[Crawled caption data]
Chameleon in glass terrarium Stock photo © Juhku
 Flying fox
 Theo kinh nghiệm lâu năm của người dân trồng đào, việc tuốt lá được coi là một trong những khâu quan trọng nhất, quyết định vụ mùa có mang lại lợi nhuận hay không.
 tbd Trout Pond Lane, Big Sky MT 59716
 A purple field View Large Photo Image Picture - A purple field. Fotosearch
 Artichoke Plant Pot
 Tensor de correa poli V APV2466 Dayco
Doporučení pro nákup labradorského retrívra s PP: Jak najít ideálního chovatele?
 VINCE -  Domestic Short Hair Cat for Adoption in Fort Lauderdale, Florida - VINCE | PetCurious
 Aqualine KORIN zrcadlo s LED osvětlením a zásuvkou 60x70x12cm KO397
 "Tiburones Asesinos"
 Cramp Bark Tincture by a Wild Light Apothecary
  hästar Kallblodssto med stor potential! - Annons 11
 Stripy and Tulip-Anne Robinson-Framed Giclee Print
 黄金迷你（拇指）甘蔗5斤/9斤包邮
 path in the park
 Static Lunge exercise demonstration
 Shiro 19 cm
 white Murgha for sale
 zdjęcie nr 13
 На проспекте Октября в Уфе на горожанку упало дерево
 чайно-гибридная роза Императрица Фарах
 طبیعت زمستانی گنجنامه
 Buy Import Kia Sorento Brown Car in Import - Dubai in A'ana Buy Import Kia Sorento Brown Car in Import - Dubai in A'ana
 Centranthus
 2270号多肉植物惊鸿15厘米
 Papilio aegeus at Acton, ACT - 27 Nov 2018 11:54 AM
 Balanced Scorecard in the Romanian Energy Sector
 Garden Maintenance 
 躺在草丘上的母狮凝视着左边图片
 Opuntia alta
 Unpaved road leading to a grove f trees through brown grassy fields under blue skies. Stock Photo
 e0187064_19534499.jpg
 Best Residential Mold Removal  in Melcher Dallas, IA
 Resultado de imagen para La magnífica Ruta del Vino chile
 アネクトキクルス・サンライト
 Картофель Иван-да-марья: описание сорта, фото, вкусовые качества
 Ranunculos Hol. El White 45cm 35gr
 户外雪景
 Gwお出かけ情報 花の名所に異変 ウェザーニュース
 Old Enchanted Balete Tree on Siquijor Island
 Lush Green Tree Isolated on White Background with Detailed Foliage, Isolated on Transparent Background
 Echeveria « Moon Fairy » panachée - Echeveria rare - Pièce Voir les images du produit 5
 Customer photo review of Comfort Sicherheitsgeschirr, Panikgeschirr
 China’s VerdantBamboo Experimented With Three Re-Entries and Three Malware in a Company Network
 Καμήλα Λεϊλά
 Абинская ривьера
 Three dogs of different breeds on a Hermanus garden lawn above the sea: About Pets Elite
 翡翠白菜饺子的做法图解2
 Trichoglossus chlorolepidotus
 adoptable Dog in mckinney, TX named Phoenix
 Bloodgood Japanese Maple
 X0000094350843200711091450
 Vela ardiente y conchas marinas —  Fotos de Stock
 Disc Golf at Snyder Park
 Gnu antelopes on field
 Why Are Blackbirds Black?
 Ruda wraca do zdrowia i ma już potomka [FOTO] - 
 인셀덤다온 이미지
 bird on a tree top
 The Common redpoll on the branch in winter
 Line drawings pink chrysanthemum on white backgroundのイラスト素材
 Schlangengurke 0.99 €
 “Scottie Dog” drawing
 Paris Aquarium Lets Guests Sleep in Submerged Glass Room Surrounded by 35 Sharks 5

_Work to complete:_
Each entry shown above should be transcribed exactly as written.

_Solution for this exercise:_
Chameleon in glass terrarium Stock photo © Juhku
 Flying fox
 Theo kinh nghiệm lâu năm của người dân trồng đào, việc tuốt lá được coi là một trong những khâu quan trọng nhất, quyết định vụ mùa có mang lại lợi nhuận hay không.
 tbd Trout Pond Lane, Big Sky MT 59716
 A purple field View Large Photo Image Picture - A purple field. Fotosearch
 Artichoke Plant Pot
 Tensor de correa poli V APV2466 Dayco
Doporučení pro nákup labradorského retrívra s PP: Jak najít ideálního chovatele?
 VINCE -  Domestic Short Hair Cat for Adoption in Fort Lauderdale, Florida - VINCE | PetCurious
 Aqualine KORIN zrcadlo s LED osvětlením a zásuvkou 60x70x12cm KO397
 "Tiburones Asesinos"
 Cramp Bark Tincture by a Wild Light Apothecary
  hästar Kallblodssto med stor potential! - Annons 11
 Stripy and Tulip-Anne Robinson-Framed Giclee Print
 黄金迷你（拇指）甘蔗5斤/9斤包邮
 path in the park
 Static Lunge exercise demonstration
 Shiro 19 cm
 white Murgha for sale
 zdjęcie nr 13
 На проспекте Октября в Уфе на горожанку упало дерево
 чайно-гибридная роза Императрица Фарах
 طبیعت زمستانی گنجنامه
 Buy Import Kia Sorento Brown Car in Import - Dubai in A'ana Buy Import Kia Sorento Brown Car in Import - Dubai in A'ana
 Centranthus
 2270号多肉植物惊鸿15厘米
 Papilio aegeus at Acton, ACT - 27 Nov 2018 11:54 AM
 Balanced Scorecard in the Romanian Energy Sector
 Garden Maintenance 
 躺在草丘上的母狮凝视着左边图片
 Opuntia alta
 Unpaved road leading to a grove f trees through brown grassy fields under blue skies. Stock Photo
 e0187064_19534499.jpg
 Best Residential Mold Removal  in Melcher Dallas, IA
 Resultado de imagen para La magnífica Ruta del Vino chile
 アネクトキクルス・サンライト
 Картофель Иван-да-марья: описание сорта, фото, вкусовые качества
 Ranunculos Hol. El White 45cm 35gr
 户外雪景
 Gwお出かけ情報 花の名所に異変 ウェザーニュース
 Old Enchanted Balete Tree on Siquijor Island
 Lush Green Tree Isolated on White Background with Detailed Foliage, Isolated on Transparent Background
 Echeveria « Moon Fairy » panachée - Echeveria rare - Pièce Voir les images du produit 5
 Customer photo review of Comfort Sicherheitsgeschirr, Panikgeschirr
 China’s VerdantBamboo Experimented With Three Re-Entries and Three Malware in a Company Network
 Καμήλα Λεϊλά
 Абинская ривьера
 Three dogs of different breeds on a Hermanus garden lawn above the sea: About Pets Elite
 翡翠白菜饺子的做法图解2
 Trichoglossus chlorolepidotus
 adoptable Dog in mckinney, TX named Phoenix
 Bloodgood Japanese Maple
 X0000094350843200711091450
 Vela ardiente y conchas marinas —  Fotos de Stock
 Disc Golf at Snyder Park
 Gnu antelopes on field
 Why Are Blackbirds Black?
 Ruda wraca do zdrowia i ma już potomka [FOTO] - 
 인셀덤다온 이미지
 bird on a tree top
 The Common redpoll on the branch in winter
 Line drawings pink chrysanthemum on white backgroundのイラスト素材
 Schlangengurke 0.99 €
 “Scottie Dog” drawing
 Paris Aquarium Lets Guests Sleep in Submerged Glass Room Surrounded by 35 Sharks 5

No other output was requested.